_EXCERPTED DATA_
—————
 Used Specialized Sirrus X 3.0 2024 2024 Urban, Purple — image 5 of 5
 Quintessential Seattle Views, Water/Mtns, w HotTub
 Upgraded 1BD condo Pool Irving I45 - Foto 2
—————
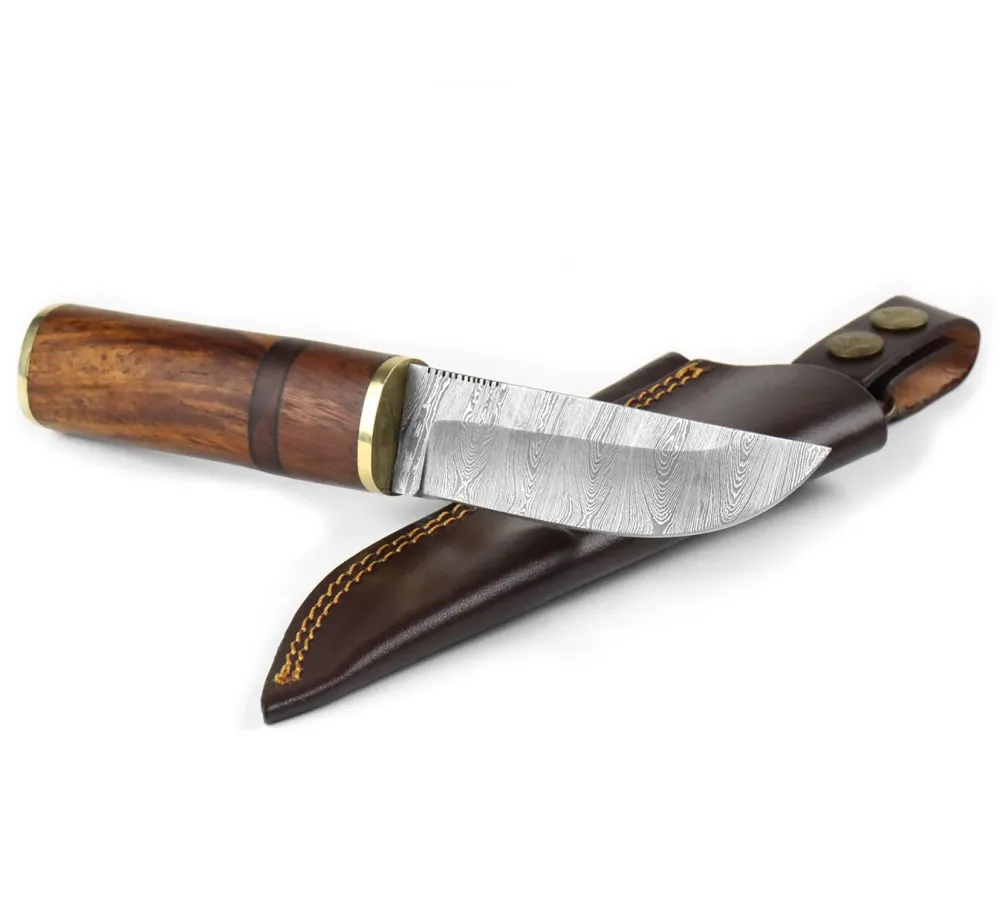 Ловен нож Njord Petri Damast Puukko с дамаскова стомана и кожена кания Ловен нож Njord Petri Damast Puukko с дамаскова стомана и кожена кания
—————
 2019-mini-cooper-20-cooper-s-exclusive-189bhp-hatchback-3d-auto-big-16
—————
_WHAT THE TASK REQUIRES_
The answer is the run of lines above from the line containing "Used Specialized Sirrus" through the line containing "Upgraded 1BD condo Pool Irving I45 - Foto 2", copied exactly and alone.

_ANSWER SPACE_
 Used Specialized Sirrus X 3.0 2024 2024 Urban, Purple — image 5 of 5
 Quintessential Seattle Views, Water/Mtns, w HotTub
 Upgraded 1BD condo Pool Irving I45 - Foto 2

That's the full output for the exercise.